Both the House and Senate have approved bills reauthorizing the Bay Program and establishing a new program aimed at restoring 1 million acres of estuarine habitat nationwide.
But so far, the two chambers have not resolved the minor differences between the House and Senate versions of each bill, which would clear the way for final approval.
The Chesapeake Bay Restoration Act authorizes the continued operation of the federal Bay Program through 2005 and calls for giving it up to $30 million a year — nearly $12 million more than it now receives.
Although Congress has continued to fund the Bay Program, its legal authorization actually expired in 1992. The new bill updates the original federal legislation creating the Bay Program by seeking to ensure greater participation by federal agencies working in the watershed and by clearing up technical details that prevented local groups from using watershed grants for certain restoration activities.
The bill also permanently establishes a Small Watershed Grants Program for the region. That program already exists, but only because Congress has specifically allocated $750,000 for it in each of the past three years. The new bill would make future funding nearly automatic. The grants program helps local governments and organizations launch efforts that meet their goals and help the Bay.
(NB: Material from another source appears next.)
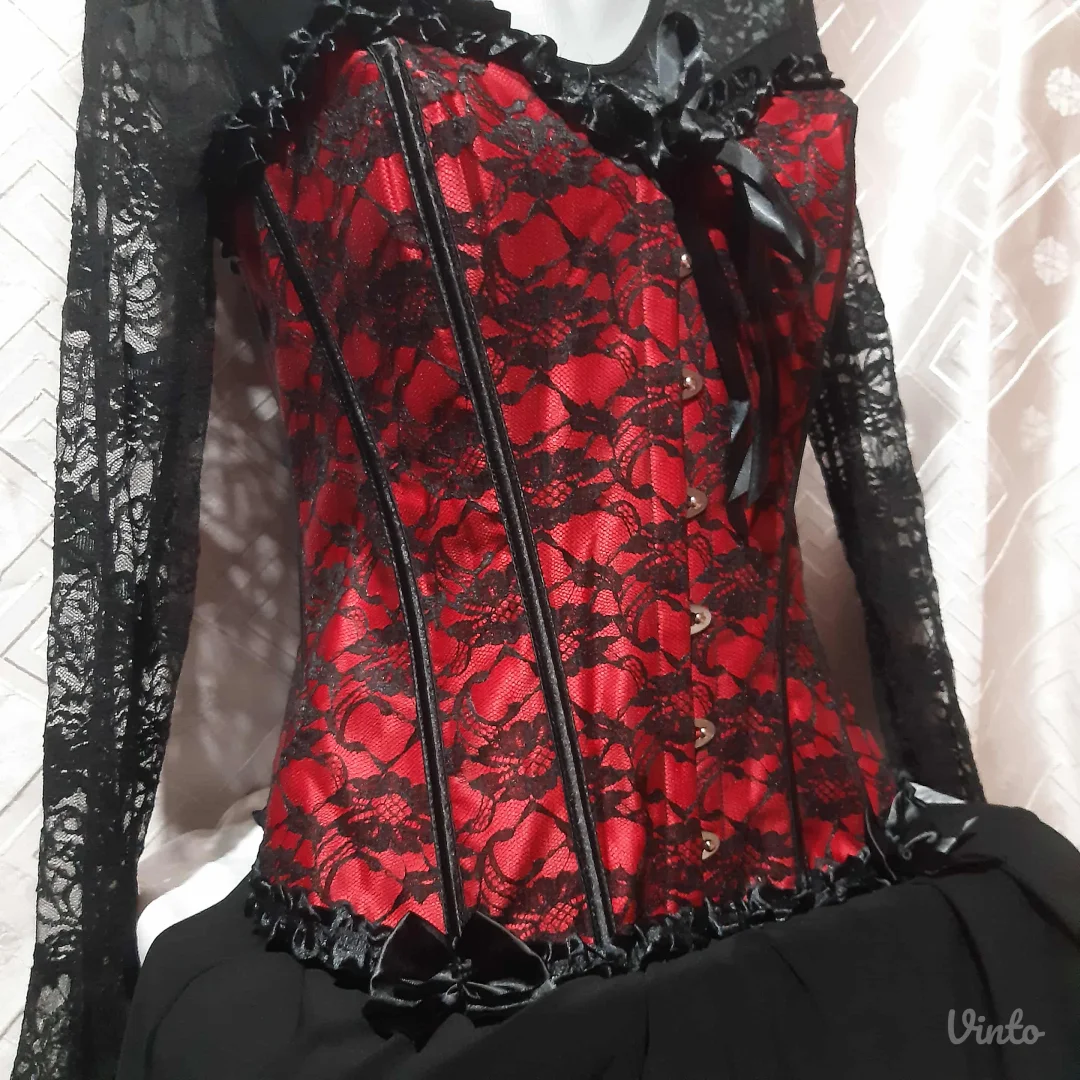 Goth Vamp Korset L/XL Novo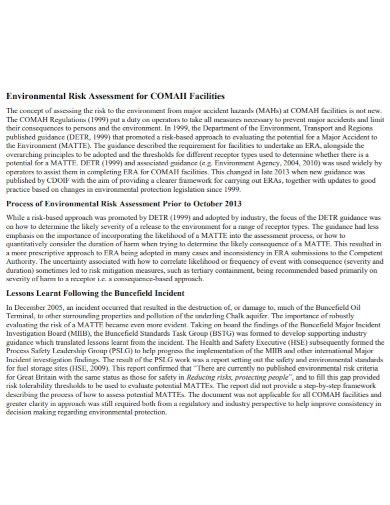 Environmental Risk Assessment Examples 的图像结果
The bill was approved unanimously in the Senate and by a 412-7 vote in the House.
The Estuary Habitat Restoration Partnership Act calls for spending $315 million over the next five years to fund restoration projects by nonprofit organizations, schools, state and local governments, and others in coastal areas. The goal is to restore 1 million acres of habitat in estuaries nationwide over the next decade.
Under the bill, the federal government would pay up to 65 percent for restoration projects, with local organizations or governments providing the other 35 percent. The local match could be in the form of money, labor or donation of land.
Many coastal areas, including the Bay, have lost huge amounts of habitat to pollution and development; the Chesapeake alone has lost about 90 percent of its underwater grass beds in recent decades.
Although the bill has been approved in both the Senate and House, minor differences must be worked out.